# For owners of the longines legend diver



## Chris 810 (Nov 18, 2018)

I have owned on of these since they first came out, it came on a nice strap with a slight chequered pattern and pale white beige stitching, as it was larger than every other watch i own and part of a large (reasonable sized) collection, i did not wear it much.

to my displeasure after about a couple of years the strap just fell to bits. I went to the AD and was told £200 plus for a genuine strap, I declined, since then i have been looking for a replacement, same as the original item and at a more reasonable cost.

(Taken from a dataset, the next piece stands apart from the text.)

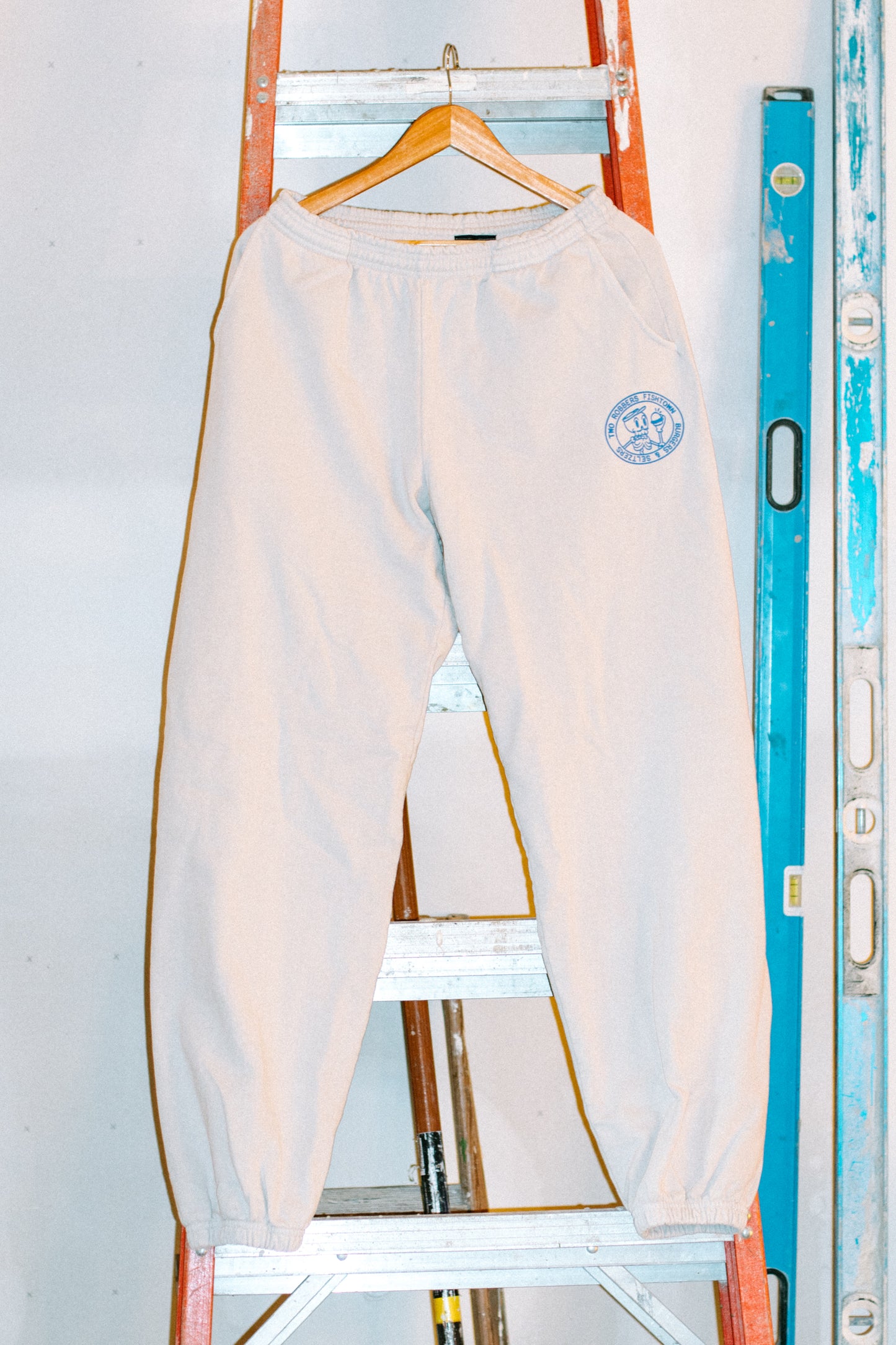 Two Robbers Fishtown Sweatpants – Off-White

i am glad to say that I have found it on the Watch Gecko website as Zulu sailcloth black beige stitching cost £28.00 which i feel is still a lot for a strap, but i am cheap. I have just ordered another one to put into stock for when this one wears out,

So all you legend diver owners out there if you have the standard black strap go to Watch Geko before your strap falls to bits.

Your welcome


----------



## Nigelp (Jan 28, 2015)

The original strap is a joke i never wore mine on it and binned it on day 1 wearing it on a hirsch pure.


----------



## Chris 810 (Nov 18, 2018)

I am now looking for the rubber strap option


----------



## GASHEAD (Aug 27, 2009)

I changed the strap on mine on day one to a Breitling Pro rubber one. Expensive straps - think I paid almost a ton for mine and that's a bargain - but hands down my favourite rubber strap out there.


----------



## Chris 810 (Nov 18, 2018)

I cannot get my head around paying £100 for a strap but like i said i am cheap


----------



## vinn (Jun 14, 2015)

Chris 810 said:


> I cannot get my head around paying £100 for a strap but like i said i am cheap


 it is a scam. cheep new watches with rubber straps 10 to 20 bucks. used - 5 bucks. i have tried several of these straps, all useable. vin


----------